Women make up 44% of mathematical scientists, while this field only accounts for 5% of all STEM jobs.
When science fields begin to have greater representation of women, they are more likely to be judged as “soft” sciences, while fields that continue to be male-dominated are often considered “hard” sciences. As a field becomes more female-dominated, the shift to being a “soft” science begins with public opinion that it’s less difficult than the male-dominated “hard” science fields.
How Have Things Changed?
Between 1995 and 2017, Black people holding science and engineering (S&E) occupations increased from 3.4% to 5.6%. While women went from holding 22% of these positions to 29%, Black women only saw an increase from 1.25% to 2.47%. Although the proportion of Black women in S&E occupations nearly doubled, they still remain incredibly underrepresented even in comparison to other women.
As of 2016, women make up 47% of all employed adults compared to 45% in 1990. While women hold 75% of health-related jobs, they hold only 14% of engineering jobs. From 1990 to 2016, the number of women in the life science fields increased from 34% to 47% and from 22% to 39% in physical sciences, while decreasing from 32% to 25% in computer roles.
While the statistics for Black Americans in STEM fields show a severe lack in diversity, taking a further look at other minority groups shows a huge gap. Hispanic women make up 2% of STEM careers. For American Indian or Alaska Native and Native Hawaiian or Other Pacific Islander, there are so few women in engineering that the statistics are not available. These women make up 0.02% and 0.03% of STEM careers, respectively.
Between 2009 and 2016, there was a 41.4% increase in the number of degrees and certificates being earned by U.S. citizens. 28.6% more white women were earning degrees and certifications while only 24.3% of Black people were. In 2016, white women alone earned more Bachelor’s, Master’s, and Ph.D. degrees than both Black men and women. White women also earned the majority Bachelor’s, Master’s, and Ph.D. degrees in 2016 compared to all women.
The average individual in a STEM field will make two-thirds more than those with non-STEM jobs. Even within the same level of education, those working in a STEM field will earn more than those working non-STEM jobs. Black people earned 81% as much as white people in STEM jobs, while only earning 73% as much in non-STEM jobs. Although Black people are able to lessen the pay gap by entering into STEM, accessing these careers is harder. Even with a STEM degree, Black people earn 13% less than their white counterparts.
When it comes to the earnings gap, the common myth of how women make 72 cents to a man’s dollar doesn’t quite hold up – in reality, this only reflects white women’s earning to white men. Black women only make 87% as white women and 62% as white men. For hispanic women, this gap is even greater at 85% of white women and 61% of white men.
The Leaky Pipeline
According to a 2014 American Institutes for Research (AIR) analysis, approximately 1 in 6 STEM Ph.D. holders does not continue to work in the STEM field. Female and black Ph.D. holders were more likely to leave STEM – about 1 in 5.
White women hold 24% of lab leadership roles, while women of color make up 3%. When women do hold leadership positions in labs, they typically have non-STEM related roles that have lower pay and less influence — women make up 36% of these positions.
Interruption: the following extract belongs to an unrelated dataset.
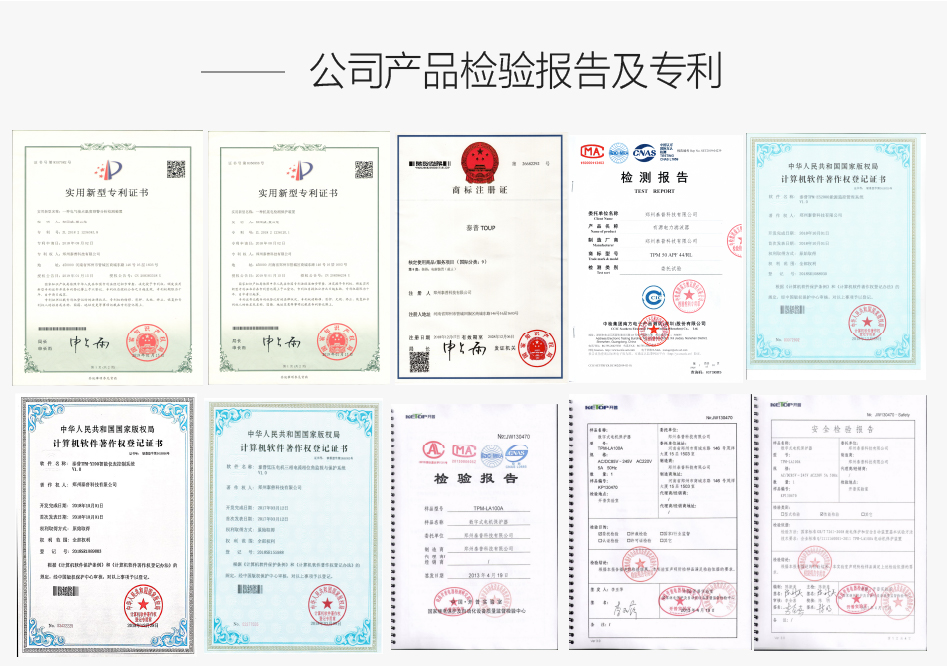 泰普科技产品检验报告及专利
In STEM leadership, there continues to be underrepresentation. While white women hold 22% of STEM leadership roles, women of color only hold 4%, while men of color hold 9%.
We cannot allow ourselves to lose momentum right now — through protests, petitions, voting, and activism, we have been able to see real change but we’re far from done. While our priorities must be to protect and support all people of color and save Black people from being murdered at the hands of the criminal justice system, we should continue looking at all the ways BIPOC have been discriminated against and shut out of opportunities.
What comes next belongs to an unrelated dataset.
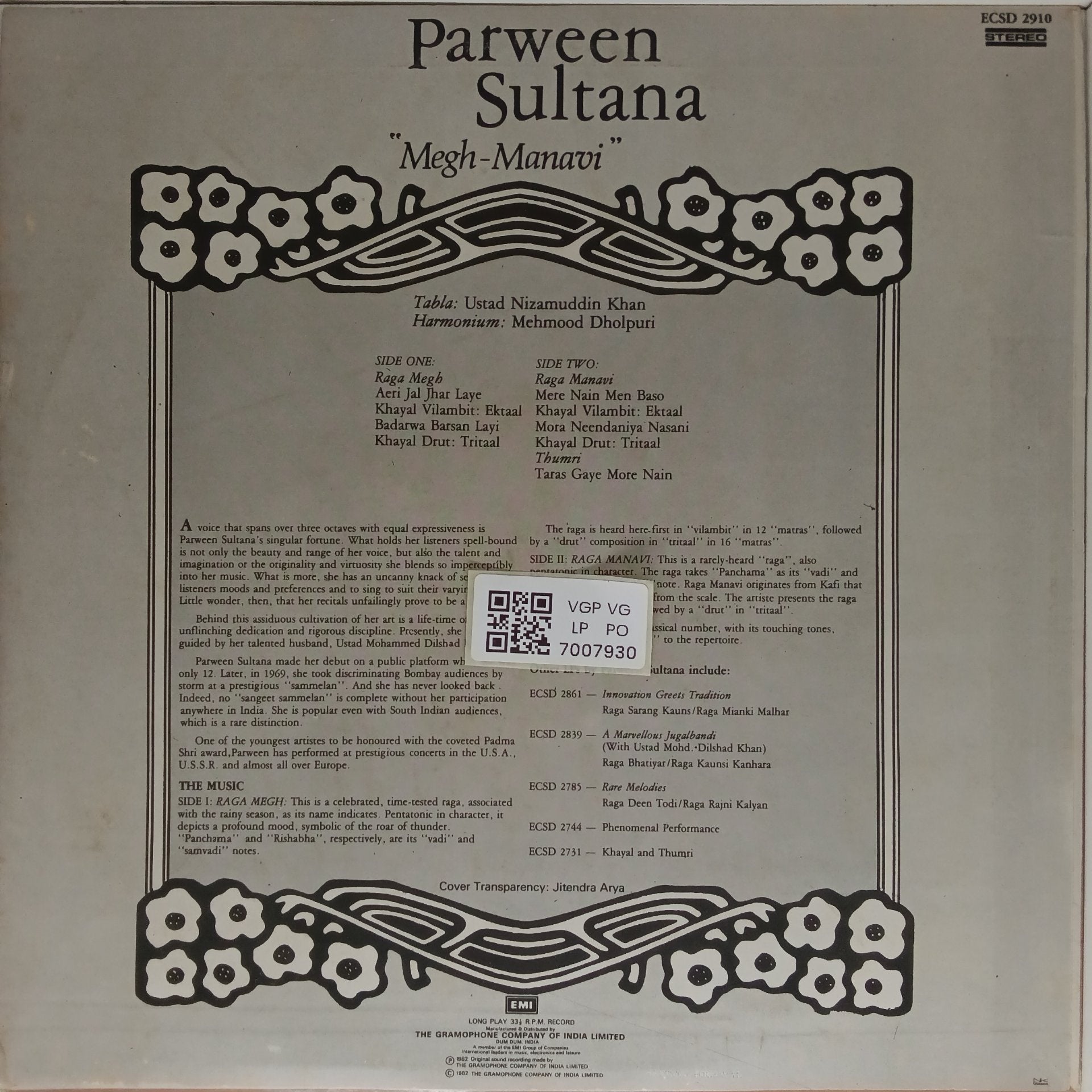 Parween Sultana - Megh-Manavi (Vinyl)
While the U.S. population is majority white, according to the 2010 census, representation continues to matter. Right now as we use social media to elevate the voices of Black people and underrepresented minorities, we shouldn’t conflate this with white women. As the #womeninstem hashtag rises up alongside #BlackinAstro and similar topics, we risk erasing people of color yet again.
The 2010 US Census reports that Black people make up 13.4% of the country, Hispanic or Latino people make up 18.5% of the country, and American Indian and Alaska Native people make up 1.3% of the population. There are additional concerns about how many underrepresented minorities were undercounted by the US Census, which has historically underrepresented Black people. It’s estimated that the 2020 Census will continue to undercount Black and Latino people. However, even based on the available demographic information provided by the US Census, they are vastly underrepresented in STEM.
Advocating for diversity and inclusion in STEM without investigating how those practices are serving underrepresented minorities is not acceptable. Since the work of STEM professionals impacts everyone, we should continue to ensure that the people doing this work are aware of the people they affect. Without acknowledging how science, technology, and engineering will impact underrepresented minorities and women, we aren’t actually solving the problem. If we don’t make sure that these communities are contributors — from design to execution — we’ll never have enough understanding of whether we’re working towards the right solutions.
We must do more than lump all diversity statistics together — until we can say these initiatives are supporting all underrepresented minorities and not disproportionately white women, we are not doing enough.